Sometimes I sleep
Sometimes it's not for days
The people I meet
Always go their separate ways
Sometimes you tell the day
By the bottle that you drink
Sometimes when you're alone
All you do is think...
I've gotten my fair share of alone time lately, and I've had cause to do a lot of thinking. I don't mind, really, because I enjoy flexing the old mental muscles. For the past nine months or so, I've had cause to think about my spiritual life. Since I've reached a sort of crossroads, I figured I'd spew about my progress for a spell.
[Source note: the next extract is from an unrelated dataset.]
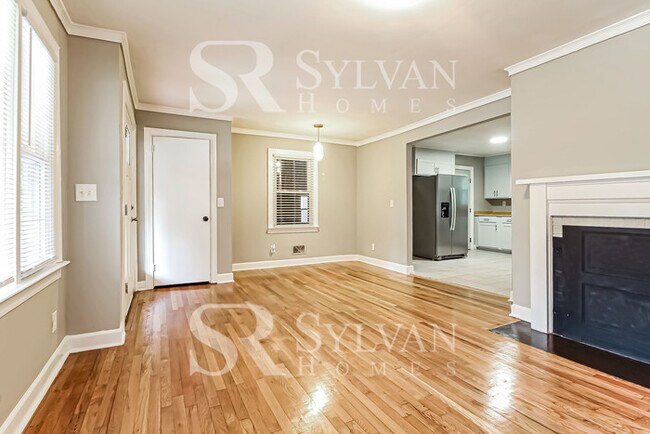 Building Photo - Charm, Comfort, and Convenience Await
First, I'm a bad person. The truth is, you're the weak and I'm the tyranny of evil men, but I'm trying real hard to be the shepherd. I know that a fearless, unrepentant bastard shepherd probably isn't what most people think would be a good thing, but it's who I am. Thing is, just like Mr. Wallace, I've got a gleaming beautiful soul in my briefcase. Lots of people look to me as an example whether I want them to or not. Bushido dictates a certain level of obligation to those who look up to you, and because I choose to follow those tenets I have to honor that obligation.
Second, I started this line of inquiry for all the wrong reasons. I fell really hard for a Christian woman, and our spiritual differences were going to become a sticking point somewhere along the line. I decided to look into some different things to see if I could find a way to reconcile bushido-driven metheism with her peculiar brand of Jesus-freaking. I left all of my other books at home while I was traveling and set out to read the Bible - desperately searching for something that said I could be a good person without Christ. I found a bunch, but they all kept coming back to this one really important point...
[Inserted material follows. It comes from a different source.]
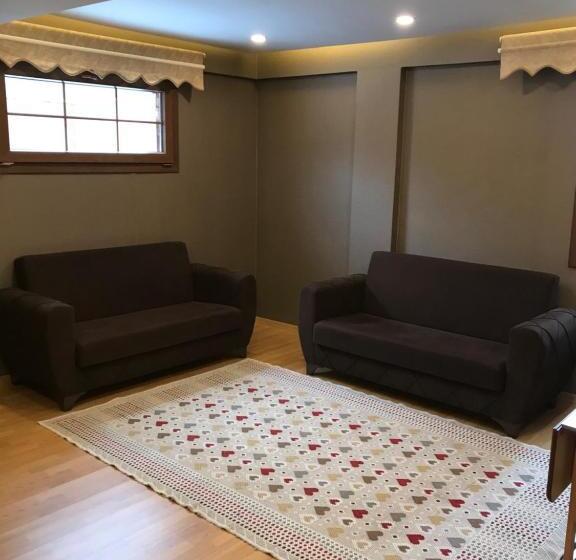 Quarto Triplo Estandar, Uzungol Huzur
Third, God loves me anyway. He loves me so much that he sent his only son to die for the sins of the world - my sins. If you held a gun to Guen's head and said that I had to choose between her life and the lives of ten people in the next room, well, I'd ask who those people were and the decision would still be agonizing. God loves me like I love my cat, with a pure and faithful love that sees beyond foibles and the occasional wet spot of the sofa. Say what you will, but I believe that. In the long run, that's really all that matters.
So having said all this, I'm still faced with some challenges. I have a very personal belief system and code of conduct that I need to reconcile with my newfound faith. I have a badboy reputation to protect, and I'm still a fearless and mostly-unrepentant bastard. I still think science and mathematics are the purest expressions of God's thoughts. And I patently refuse to rest on my laurels knowing that I've got a place waiting for me when I die (meaning I still think that living for the afterlife really misses the point). My spiritual advice thusfar has been to read more and to seek out like-minded fellowship. I'm working on the first part and struggling with the second, and I'm absolutely convinced that I'll never figure everything out.
I'm okay with that, but that doesn't mean I have to stop trying.